Think local for referendum – Opinion – Western Australian

When the City of Swan came forward with a creative plan to develop the Swan Regional Riverside Park, the Federal Government partnered with them to achieve a great environmental and cultural outcome. It was the time of the GFC and the project would create jobs and leave a legacy for the region’s swelling population. It was a similar story when the City of Armadale wanted to raise to international standard a regatta centre at Champion Lakes.  With help from the Federal Government, the centre is now one of the best in the country and is a training ground for Olympians and other elite athletes. And then in Derby, when the local Shire of Derby /West Kimberley wanted to improve the local economy and keep tourists in the region for longer, it did a deal with the Federal Government to build a new tourist and information centre that would offer jobs for Indigenous school leavers and careers in tourism.

Local and Federal Government partnerships have been commonplace for at least 40 years. They help build community infrastructure and strengthen local economies. It would probably come as a surprise then to most Australians to discover that this financial relationship between the Federal and Local Government is not actually acknowledged in our Constitution.  That is because the Constitution was drafted more than a century ago when Australia was a very different place. In those days, we were a collection of separate colonies. People rarely travelled far from home, given that the horse and cart was the main form of transport. The tasks of those earliest councils were little more than maintaining local roads and collecting rubbish which they funded via property rates.

In 2013, councils are vastly different to those that existed at Federation. No-one thinks there’s anything odd these days about them providing childcare, aged-care, employment and disability services, swimming pools, sporting fields or local roads. These days, some of this infrastructure development and service delivery is made possible by the Federal Government partnering with local government.

For example, in 2009 the Commonwealth partnered with local government to deliver the Regional and Local Community Infrastructure Program, to keep jobs in local communities and build lasting infrastructure during the Global Financial Crisis. Together, we funded over 6,000 community projects such as roads, bridges, sporting centres, libraries. That’s in addition to the $1.75 billion we’ve put directly into council roads across the country over the past three years through the Roads to Recovery scheme.

It’s important the Commonwealth is able to keep investing securely into the future and that’s exactly what including Local Government in the Constitution is about. It is about saying ‘yes’ to retain important community benefits.  It is about saying ‘yes’ to our communities. It’s about acknowledging the modern reality that we have three tiers of government. It is also important that constitutional change does not alter the fact that local governments are created by and are accountable to State Governments.

In 2011, an expert panel led by the Hon. James Spigelman AC QC concluded that financial recognition should be taken to a referendum. It urged the Commonwealth to work with the States to get their support. A Parliamentary Committee on Constitutional Recognition of Local Government was then formed to consider the findings of the expert panel. In its report tabled before the Federal Parliament in March, it agreed it was time to take the issue to a referendum.
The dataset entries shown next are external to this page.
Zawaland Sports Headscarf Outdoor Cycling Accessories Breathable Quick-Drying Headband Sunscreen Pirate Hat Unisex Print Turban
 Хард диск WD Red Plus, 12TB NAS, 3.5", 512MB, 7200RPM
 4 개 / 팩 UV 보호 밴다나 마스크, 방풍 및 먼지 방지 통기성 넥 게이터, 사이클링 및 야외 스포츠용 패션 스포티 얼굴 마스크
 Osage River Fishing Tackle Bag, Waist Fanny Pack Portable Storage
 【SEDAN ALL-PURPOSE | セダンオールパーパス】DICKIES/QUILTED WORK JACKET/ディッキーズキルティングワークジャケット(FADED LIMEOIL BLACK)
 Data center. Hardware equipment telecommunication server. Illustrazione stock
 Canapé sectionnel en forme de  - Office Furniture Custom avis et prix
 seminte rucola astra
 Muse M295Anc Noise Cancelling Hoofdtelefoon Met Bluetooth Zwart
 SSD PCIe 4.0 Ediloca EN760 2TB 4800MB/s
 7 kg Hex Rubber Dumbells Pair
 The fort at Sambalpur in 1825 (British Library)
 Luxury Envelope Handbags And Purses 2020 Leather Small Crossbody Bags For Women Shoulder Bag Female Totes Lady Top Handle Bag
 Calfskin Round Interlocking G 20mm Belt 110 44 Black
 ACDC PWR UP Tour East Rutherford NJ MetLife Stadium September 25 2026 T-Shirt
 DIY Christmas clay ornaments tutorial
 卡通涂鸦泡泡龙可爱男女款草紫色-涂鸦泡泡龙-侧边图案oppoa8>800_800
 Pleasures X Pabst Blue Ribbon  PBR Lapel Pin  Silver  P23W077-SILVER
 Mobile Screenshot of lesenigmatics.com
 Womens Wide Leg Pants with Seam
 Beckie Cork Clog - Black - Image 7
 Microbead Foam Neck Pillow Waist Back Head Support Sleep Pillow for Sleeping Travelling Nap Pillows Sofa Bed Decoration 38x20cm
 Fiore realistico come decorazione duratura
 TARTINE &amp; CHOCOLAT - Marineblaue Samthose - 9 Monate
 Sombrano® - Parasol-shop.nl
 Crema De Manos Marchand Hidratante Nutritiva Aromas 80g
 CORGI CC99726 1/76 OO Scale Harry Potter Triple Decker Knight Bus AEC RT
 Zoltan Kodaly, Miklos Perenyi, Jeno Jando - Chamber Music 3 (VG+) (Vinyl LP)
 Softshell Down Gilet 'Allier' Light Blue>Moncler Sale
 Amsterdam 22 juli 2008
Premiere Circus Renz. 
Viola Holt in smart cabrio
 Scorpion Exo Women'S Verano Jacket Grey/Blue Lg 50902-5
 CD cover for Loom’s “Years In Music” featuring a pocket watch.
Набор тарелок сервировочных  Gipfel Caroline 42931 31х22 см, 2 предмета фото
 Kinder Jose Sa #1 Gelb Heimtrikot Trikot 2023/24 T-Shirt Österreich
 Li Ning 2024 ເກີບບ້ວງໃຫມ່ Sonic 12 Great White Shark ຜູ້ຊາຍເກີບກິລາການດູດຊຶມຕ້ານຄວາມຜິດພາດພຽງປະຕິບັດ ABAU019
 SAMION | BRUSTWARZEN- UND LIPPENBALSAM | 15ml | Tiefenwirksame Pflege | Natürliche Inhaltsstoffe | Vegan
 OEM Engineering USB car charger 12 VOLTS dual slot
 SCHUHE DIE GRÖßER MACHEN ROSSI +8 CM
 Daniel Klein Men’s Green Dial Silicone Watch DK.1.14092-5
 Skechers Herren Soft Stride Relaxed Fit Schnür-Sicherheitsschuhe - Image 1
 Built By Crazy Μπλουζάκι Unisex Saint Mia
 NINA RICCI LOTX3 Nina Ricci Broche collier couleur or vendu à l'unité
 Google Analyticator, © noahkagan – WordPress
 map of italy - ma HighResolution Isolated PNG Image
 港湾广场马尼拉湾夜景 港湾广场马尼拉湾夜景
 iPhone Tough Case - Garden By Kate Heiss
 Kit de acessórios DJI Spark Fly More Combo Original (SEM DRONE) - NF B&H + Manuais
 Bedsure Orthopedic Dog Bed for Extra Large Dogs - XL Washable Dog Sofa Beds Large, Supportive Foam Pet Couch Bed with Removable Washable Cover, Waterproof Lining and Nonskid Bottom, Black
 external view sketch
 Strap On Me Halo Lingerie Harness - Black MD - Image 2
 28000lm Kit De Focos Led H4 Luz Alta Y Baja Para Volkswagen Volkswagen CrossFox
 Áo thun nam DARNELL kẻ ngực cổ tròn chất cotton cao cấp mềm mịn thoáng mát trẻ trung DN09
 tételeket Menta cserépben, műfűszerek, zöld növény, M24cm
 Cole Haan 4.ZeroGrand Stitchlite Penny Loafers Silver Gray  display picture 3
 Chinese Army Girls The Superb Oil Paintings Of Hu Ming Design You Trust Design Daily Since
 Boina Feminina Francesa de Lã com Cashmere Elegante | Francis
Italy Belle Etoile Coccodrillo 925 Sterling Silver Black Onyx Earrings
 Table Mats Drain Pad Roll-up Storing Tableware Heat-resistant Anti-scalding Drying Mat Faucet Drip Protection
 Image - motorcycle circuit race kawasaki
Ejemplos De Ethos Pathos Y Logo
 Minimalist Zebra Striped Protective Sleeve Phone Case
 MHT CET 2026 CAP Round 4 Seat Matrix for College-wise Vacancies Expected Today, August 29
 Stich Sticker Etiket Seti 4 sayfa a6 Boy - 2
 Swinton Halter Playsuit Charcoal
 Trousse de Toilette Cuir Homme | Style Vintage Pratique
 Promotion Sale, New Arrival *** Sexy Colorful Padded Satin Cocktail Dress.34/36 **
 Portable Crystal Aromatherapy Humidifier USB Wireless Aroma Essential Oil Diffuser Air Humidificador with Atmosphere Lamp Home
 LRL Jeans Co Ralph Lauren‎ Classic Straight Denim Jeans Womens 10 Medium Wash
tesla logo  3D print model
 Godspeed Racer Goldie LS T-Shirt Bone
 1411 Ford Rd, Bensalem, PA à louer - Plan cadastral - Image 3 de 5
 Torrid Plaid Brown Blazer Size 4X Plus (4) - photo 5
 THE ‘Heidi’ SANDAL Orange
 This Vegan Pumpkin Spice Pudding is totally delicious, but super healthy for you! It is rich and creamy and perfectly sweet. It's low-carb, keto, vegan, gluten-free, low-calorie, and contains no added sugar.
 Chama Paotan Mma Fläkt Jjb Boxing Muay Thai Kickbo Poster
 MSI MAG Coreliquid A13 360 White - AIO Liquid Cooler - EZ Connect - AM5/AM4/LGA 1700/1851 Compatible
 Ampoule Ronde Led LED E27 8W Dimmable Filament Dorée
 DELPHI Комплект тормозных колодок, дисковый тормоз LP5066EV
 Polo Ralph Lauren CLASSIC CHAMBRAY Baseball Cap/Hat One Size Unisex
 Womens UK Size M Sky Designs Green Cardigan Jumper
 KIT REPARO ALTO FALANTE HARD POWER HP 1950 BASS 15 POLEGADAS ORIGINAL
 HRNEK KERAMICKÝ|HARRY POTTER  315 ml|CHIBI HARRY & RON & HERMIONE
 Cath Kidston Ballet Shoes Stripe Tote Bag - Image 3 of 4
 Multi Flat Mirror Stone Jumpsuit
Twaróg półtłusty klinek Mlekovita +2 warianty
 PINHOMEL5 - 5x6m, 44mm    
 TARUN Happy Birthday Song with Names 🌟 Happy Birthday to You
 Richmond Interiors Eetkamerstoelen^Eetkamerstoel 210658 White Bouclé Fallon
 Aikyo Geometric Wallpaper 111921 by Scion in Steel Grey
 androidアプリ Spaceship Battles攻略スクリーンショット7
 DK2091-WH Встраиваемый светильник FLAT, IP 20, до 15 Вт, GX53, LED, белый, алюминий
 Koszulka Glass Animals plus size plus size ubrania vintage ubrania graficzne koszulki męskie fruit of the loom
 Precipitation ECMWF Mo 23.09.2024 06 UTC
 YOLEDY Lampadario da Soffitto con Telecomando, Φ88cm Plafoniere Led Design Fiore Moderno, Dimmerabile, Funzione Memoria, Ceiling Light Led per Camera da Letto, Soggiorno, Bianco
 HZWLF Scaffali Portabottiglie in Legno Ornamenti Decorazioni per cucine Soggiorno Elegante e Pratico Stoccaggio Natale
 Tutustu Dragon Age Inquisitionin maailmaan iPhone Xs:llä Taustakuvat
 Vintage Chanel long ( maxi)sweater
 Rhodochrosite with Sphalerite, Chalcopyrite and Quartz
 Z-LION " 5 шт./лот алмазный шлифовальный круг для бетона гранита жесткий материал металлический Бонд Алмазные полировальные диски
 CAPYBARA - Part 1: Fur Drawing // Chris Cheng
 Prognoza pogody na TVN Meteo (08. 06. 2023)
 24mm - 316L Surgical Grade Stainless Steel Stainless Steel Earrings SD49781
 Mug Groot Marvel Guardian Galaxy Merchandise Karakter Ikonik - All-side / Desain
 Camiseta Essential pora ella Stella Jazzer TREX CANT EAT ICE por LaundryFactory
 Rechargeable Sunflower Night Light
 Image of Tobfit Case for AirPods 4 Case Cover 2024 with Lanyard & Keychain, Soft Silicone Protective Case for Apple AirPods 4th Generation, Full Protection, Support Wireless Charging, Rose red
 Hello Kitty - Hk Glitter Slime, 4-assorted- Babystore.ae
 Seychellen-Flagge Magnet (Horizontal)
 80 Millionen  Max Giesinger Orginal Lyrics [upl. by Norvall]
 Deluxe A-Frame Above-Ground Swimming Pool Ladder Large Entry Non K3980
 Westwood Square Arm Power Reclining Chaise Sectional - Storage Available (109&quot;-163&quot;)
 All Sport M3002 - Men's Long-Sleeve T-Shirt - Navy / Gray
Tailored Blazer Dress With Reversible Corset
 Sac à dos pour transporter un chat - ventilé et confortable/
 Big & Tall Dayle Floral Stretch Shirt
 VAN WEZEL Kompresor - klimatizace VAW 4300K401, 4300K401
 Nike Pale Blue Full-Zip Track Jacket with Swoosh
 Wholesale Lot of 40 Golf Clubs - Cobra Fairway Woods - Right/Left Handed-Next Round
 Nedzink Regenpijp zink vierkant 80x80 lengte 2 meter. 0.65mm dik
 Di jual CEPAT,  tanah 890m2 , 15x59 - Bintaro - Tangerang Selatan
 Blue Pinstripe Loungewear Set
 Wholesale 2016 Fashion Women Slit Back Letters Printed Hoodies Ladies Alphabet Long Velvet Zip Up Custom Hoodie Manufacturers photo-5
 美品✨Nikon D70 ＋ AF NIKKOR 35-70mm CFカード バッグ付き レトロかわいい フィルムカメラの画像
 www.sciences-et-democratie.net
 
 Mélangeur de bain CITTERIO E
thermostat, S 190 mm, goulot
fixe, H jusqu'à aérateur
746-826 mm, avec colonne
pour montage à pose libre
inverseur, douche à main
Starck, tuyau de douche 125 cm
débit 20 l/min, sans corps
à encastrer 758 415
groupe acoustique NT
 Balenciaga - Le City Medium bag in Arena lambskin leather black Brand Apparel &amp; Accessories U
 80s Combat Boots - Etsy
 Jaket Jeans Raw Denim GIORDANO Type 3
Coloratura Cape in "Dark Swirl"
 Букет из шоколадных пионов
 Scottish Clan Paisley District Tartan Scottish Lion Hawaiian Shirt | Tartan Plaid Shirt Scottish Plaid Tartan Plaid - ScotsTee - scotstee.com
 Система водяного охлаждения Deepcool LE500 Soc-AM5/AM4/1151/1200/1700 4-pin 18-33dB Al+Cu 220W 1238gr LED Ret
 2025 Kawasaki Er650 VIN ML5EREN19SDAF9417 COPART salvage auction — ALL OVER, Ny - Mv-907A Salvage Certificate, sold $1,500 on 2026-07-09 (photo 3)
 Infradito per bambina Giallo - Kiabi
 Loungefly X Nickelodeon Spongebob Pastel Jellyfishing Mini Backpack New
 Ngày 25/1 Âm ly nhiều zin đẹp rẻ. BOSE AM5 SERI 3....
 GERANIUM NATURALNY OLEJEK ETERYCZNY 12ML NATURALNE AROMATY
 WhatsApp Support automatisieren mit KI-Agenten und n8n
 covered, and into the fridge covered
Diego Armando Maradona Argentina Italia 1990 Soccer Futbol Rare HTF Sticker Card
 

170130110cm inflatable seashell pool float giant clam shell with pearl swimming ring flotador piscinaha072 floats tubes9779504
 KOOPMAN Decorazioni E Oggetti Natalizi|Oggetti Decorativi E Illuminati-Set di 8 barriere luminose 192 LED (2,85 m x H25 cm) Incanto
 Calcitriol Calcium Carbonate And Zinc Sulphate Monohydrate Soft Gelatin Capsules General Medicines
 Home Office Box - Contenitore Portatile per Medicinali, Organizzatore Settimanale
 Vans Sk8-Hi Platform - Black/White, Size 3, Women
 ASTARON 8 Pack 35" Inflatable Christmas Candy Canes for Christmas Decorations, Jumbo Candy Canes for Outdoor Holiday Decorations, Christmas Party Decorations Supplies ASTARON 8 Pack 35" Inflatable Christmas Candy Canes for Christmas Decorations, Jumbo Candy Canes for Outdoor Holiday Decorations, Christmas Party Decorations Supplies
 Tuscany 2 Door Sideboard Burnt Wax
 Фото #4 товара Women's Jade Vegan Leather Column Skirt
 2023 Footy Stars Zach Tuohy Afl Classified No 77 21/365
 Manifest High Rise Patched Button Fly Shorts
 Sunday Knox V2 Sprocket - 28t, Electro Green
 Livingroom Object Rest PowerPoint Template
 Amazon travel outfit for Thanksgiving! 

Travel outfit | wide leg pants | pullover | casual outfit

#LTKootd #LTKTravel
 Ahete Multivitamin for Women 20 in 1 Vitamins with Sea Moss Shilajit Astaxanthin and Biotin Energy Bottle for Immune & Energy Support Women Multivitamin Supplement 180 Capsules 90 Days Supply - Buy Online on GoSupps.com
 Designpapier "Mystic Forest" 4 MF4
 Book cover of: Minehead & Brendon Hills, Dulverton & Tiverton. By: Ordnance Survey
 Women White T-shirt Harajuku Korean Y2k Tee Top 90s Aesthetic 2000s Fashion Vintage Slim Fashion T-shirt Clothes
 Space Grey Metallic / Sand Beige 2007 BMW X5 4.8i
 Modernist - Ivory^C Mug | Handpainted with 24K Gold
Uncertainty, it said, was affecting strategic planning and, as local councils are often the biggest single employer in both urban and regional areas, it was ‘in the economic interest of these communities to have this issue resolved’.

We know that for a referendum to succeed it will require bipartisan support and a broad consensus in the community. I have been encouraged with the response to consultations across the political spectrum up to this point. Such a constitutional change will merely confirm existing practice so that it reflects how our system government works. It is a modest change but one that we should all embrace.